Friday, August 01, 2014 - Updated: 10:18 AM


After banning basketball hoops in city streets, Amsterdam officials are now planning facelifts for city parks, beginning next week.

"I'm meeting with the Common Council next Tuesday, Aug.5, at a committee meeting to talk about what should be done with our parks," recreation director Rob Spagnola said. "There's some things that need to be done but in general most of the parks are in decent shape."

However, Spagnola said Sirchia Park, between Guy Park Avenue and Division Street, "definitely needs some work done down on the bottom end. And that's a major job, not something small that we can just go in and fix."

Mayor Ann Thane agreed, so she and Spagnola went to Eric Pareene of Trucking & Excavating Inc. for a quote of $32,000 to fix up the park -- primarily the basketball court.

"It's a lot of money," Thane said. "People think, oh no, this is just basic maintenance, just put a roof up and let the kids play. But what's happened is the ground beneath the court is washing out so there was an enormous sink hole that started on the west end of the court and you can't play with a sink hole."

The mayor hopes the common council "is as committed to restoring these parks as they indicate, now that they've taken basketball hoops off the streets."

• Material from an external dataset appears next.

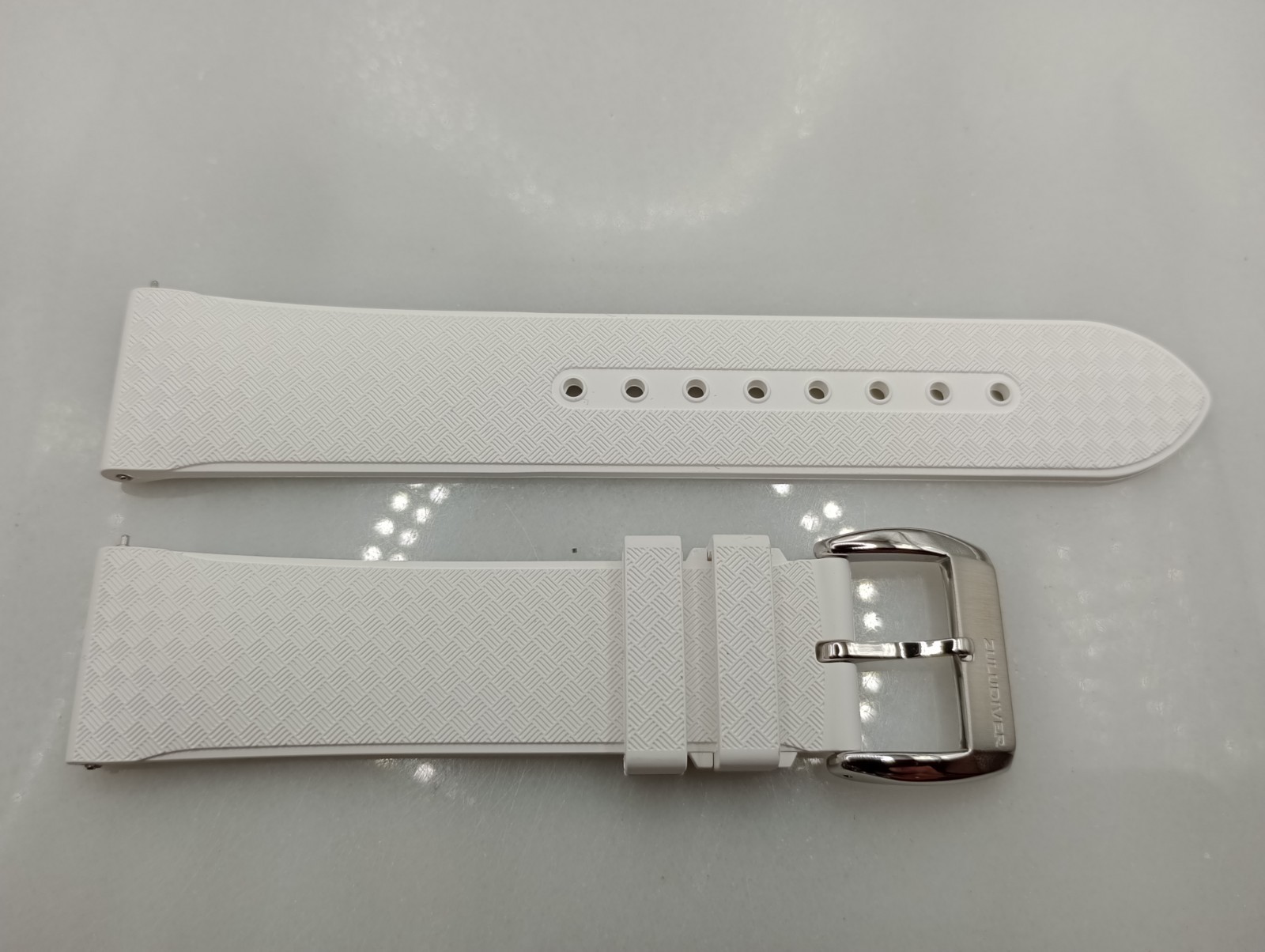 New 22mm Watchgecko Zuludiver HNBR Rubber Watch Strap White Quick Release 6B332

She said the council would have to seek a bond to get the project going and in her opinion they're running out of time because the park's conditions continue to worsen. She wishes the prior council had bonded for park repairs because the deferred maintenance drives up the repair costs.

"It's just a shame [the park] wasn't bonded for by past councils when they had the opportunity," she said. "This is what happens with deferred maintenance and there's been a lot of chatter that I've decreased bonding since I've taken office but the fact is the prior administration didn't bond for anything and so we ended up with this deferred maintenance situation for equipment and capital projects and you must invest in your infrastructure or it just crumbles."

She compared the situation to a house having a leak in the roof. "You must invest in fixing the leak or the cost of fixing it goes up," she said. "Instead of taking care of problems when [the council] should have they increased the cost of taking care of it from $10,000 to $50,000, and that's what happens when you defer maintenance. It just ends up driving up your costs."

Thane said Pareene's quote includes removal of the old blacktop, removal of the wall, installation of new blacktop, preparation for a new 53-foot wall, installation of the wall, removal of concrete at the demolished house site, paving the site for an additional parking area, and installation of fencing.

"The extra parking is a $12,000 addition to the park but I think it's necessary," she said.

Third Ward Alderman Ronald Barone Sr., whose ward houses Sirchia Park, said one proposal isn't enough for this project.

"We can't look at one proposal. We have to get more than one proposal," Barone said. "To fix that whole park, all the way back to where the house was knocked down last year -- it's a good-sized park, and they want to take the fence down and extend it all the way out. You just have to get [requests for proposals] for that. You can't go with your first proposal and go through with the project."

Barone agrees that the park needs to be repaired and he has told the rest of the council to look at their ward's parks to see what needs to be done to improve them.

"It's got to be something that will be handled because when we put the [basketball] ordinance into effect, we said we'd fix up these parks," he said.

Barone also said city officials need to get going with the projects because they're running out of time.

"We can do one park now and then just keep going, but if we hold off now, how long will we hold off for?" he said. "I think speed is of the essence, but I still want to make sure we do this right because in the past [the city] has done knee-jerk reactions and all of a sudden it comes back and haunts us. What we want to do now is get all our ducks in a row and do it right, and then it's up to the kids to maintain the parks."

Barone wants the city to seek bids for each park that needs repairs unless a bidder offers a "package deal" for multiple parks.

"We have to get going on this because the summer is almost over and we need to get these parks and our plans in place," he said.